I have been struggling for many years now with Christianity. I grew up in a fundamentalist Southern Baptist family, and because I was deeply interested in religion and faith from a young age, I absorbed much of this belief system without question. As I got older and encountered other ways of viewing the world for the first time, my belief system got badly shaken as I realized that I could not in good conscience defend the beliefs of my childhood with the world as I experienced it.
My Christian faith has a hold on me in a way that no other belief system I have studied has been able to match, but the baggage I carry from my childhood views of Christianity make it difficult to be part of Christianity as it exists in America today for the most part. The discovery of progressive Christianity has helped make it possible for me to work to reclaim my faith in a way that fits my experience of life, but it is still a daily struggle when even the language of Christianity is often so tainted for me.

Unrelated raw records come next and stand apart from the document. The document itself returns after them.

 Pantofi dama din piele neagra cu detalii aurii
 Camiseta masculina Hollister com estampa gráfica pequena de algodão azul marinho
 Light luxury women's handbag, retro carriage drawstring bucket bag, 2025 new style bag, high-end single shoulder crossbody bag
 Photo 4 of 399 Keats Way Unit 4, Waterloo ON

I have often questioned why I find it so hard to let go of this old baggage, and I think I might have found a clue today that could explain it.

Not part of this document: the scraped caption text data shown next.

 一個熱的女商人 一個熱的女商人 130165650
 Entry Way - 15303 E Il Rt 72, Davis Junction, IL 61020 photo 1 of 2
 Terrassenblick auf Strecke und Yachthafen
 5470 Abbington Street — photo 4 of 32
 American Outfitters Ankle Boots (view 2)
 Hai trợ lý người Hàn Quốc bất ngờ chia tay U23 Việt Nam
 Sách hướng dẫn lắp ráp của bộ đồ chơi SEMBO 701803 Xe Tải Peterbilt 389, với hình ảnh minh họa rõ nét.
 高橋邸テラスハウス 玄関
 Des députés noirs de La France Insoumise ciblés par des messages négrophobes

I came across an article today by Dr. James F. McGrath called “Young-Earth Creationism is a Cult.” He makes a pretty good case for why this would in fact be true. While this may sound like a diversion from the question of Christianity, this hits home for me. My family is strictly young-earth creationists; I even have one immediate family member who is a trained apologist for this view of creationism, and he makes himself available to go to churches to give seminars on the topic.

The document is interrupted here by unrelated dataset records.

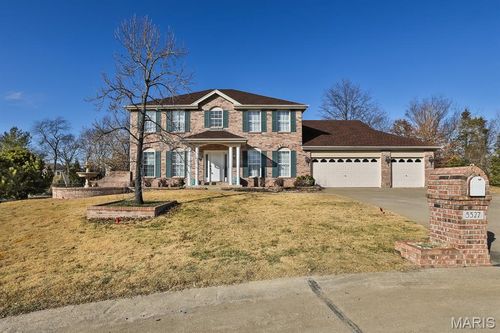 5527 Hennsley Cir, Weldon Spring, MO, 63304-1086 | Card Image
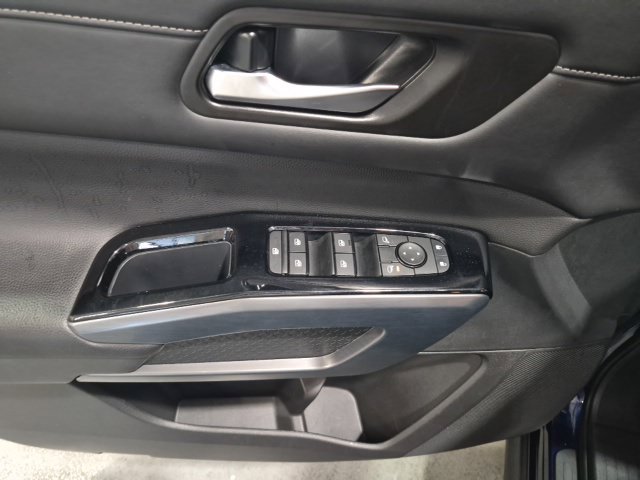Certified 2025 Nissan Pathfinder SL AWD/4WD image 11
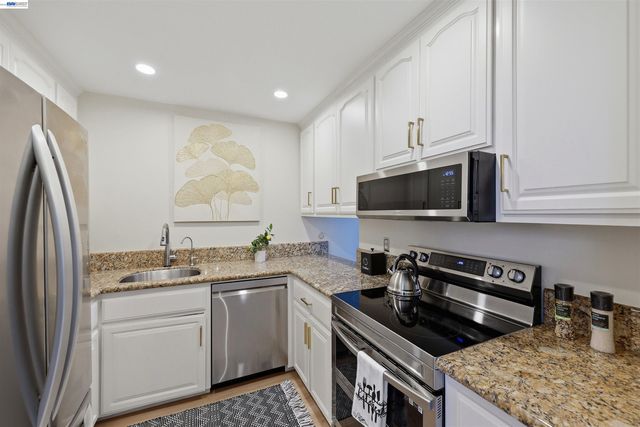 651 Moraga Rd 12, Moraga, CA 94556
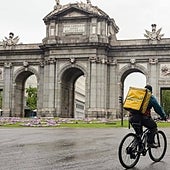 La candidata de Unidas Podemos en Madrid propone crear un 'Glovo público' para el reparto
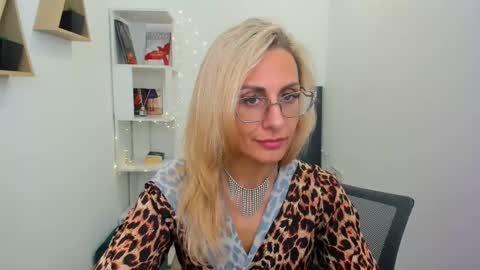 Snapshot of museofstage chatting on 27, 2, 2025 Diana online show from 27, 2, 2025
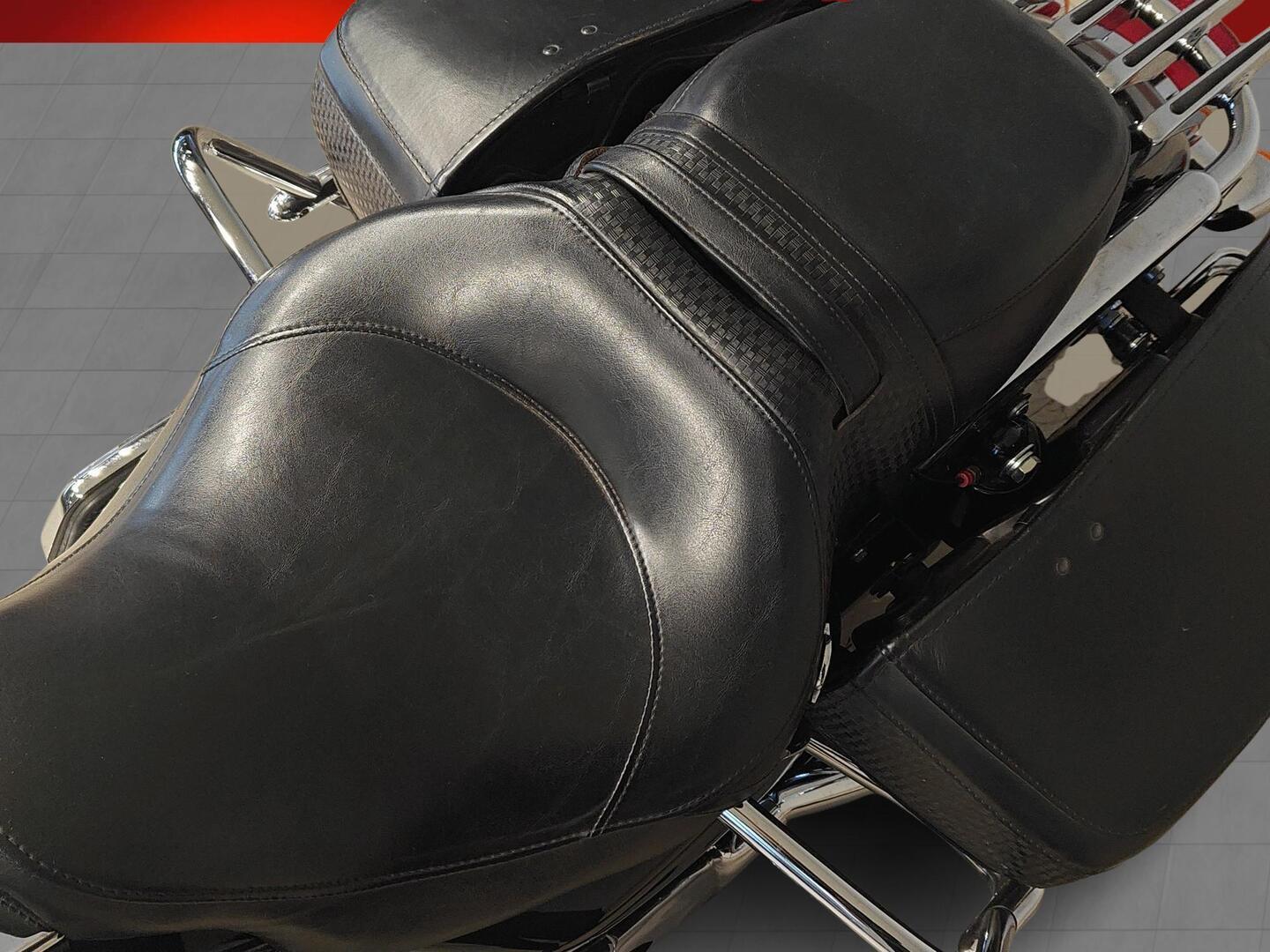 HARLEY-DAVIDSON TOURING 2008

Seeing this article also reminded me of another article I chanced across several months ago that argued that Bill Gothard‘s ministry is cult-like. While I no longer remember where I found that article or what it said exactly, I do have strong memories of our family attending his crusades. My parents were big believers in his teachings, and I remember the changes in our house rules after they discovered him. Any young man who wished to ask me out had to ask my step-father first. All music with drums was sinful, even “Christian rock” music. Everything was about the authority of the head male in the household. It was the beginning of my inner struggle to accept the Christianity that I had been raised with even though the outward questioning did not appear for several more years.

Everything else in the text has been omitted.